Shader clocks certainly offer the least amount of overhead, and most results I've seen tend to cap out in the 1400-1450 range. If I set shader clocks to the next higher strap, 1417 I believe, I'll get slight artifacts regardless of temps. The GTX 285 stands to improve on this area the most imo, although core clocks still result in a greater improvement in most titles.
 

ArchAngel777

Diamond Member
Dec 24, 2000
5,223
61
91
Was bored today so I decided to BIOS mod my card. Worked great. I am now running 702/1404/2486. Fan kicks in at 100% when temps hit 80C. All problems solved and no artifacts.

On a side note, I was pretty depressed to see once again that my somewhat impulsive purchase last week screwed me over again. It has happened two years in a row. About 1 weeks after I purchase a card, it drops over 100 MSRP. To be fair, though, I did wait and I bite only after what I thought would have been the lowest price a 280GTX could have gone for. When I picked it up last Tuesday, it had dropped from $374.99 with no available rebate to 304.99 after $20 rebate and since I was going to pick up Far Cry 2 anyway, I figured this thing can't possibly get any cheaper. Well, fuck myself, it dropped another $115 less than week after my purchase. That kind of depreciation makes me sick, but probably more sick if I picked one up at $649.99. :-/ Well, anyway, I did place an order today for another one. I suppose if I wanted to, I reflash back to origonal BIOS, send it back to newegg and pay a restock fee of 15% and then keep the one from buy.com.

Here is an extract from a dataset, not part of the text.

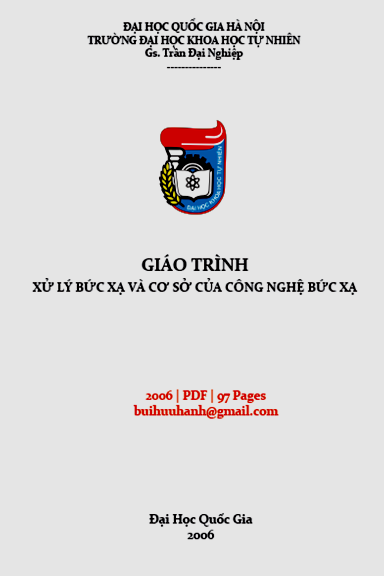 Giáo Trình Xử Lý Bức Xạ Và Cơ Sở Của Công Nghệ Bức Xạ  (NXB Đại Học Quốc Gia 2006) - Trần Đại Nghiệp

I'd still save $50 in the end, but I am not sure I even want to go through the hassle. Maybe I will pickup a 750i motherboard and SLI them. Or I might just cancel my buy.com order since I am generally opposed to the draw backs of multi GPU and don't really *need* any more GPU power.

BTW. if anyone is curious, I was able to dump my video card bios using NVFASLH.EXE, version 5.67. It works in Vista x64, and can be flashed in Vista x64 in the command prompt. True dos is a better environment to operate in when flashing BIOS, but I have never had an issue with the exception of the Motherboard in my sig. I bricked my Abit IP35-E twice. I had to create a custom BIOS rescue disc... What a trip and both times the BIOS write failed it was in Windows. But the board was flaky to begin with at first, so that is probably why.

Basically I did this

Command Prompt
Navigate to directory where nvflash.exe and typed in:
nvflash.exe -b 280GTXORG.ROM <hit enter>
It saved BIOS

I opened Nibitor 4.7, opened the BIOS file. Read the clocks and modified the fan speed and the clock speeds. Saved my bios in the same folder that nvflash.exe was located and called it something else such as 280GTX7021404.ROM.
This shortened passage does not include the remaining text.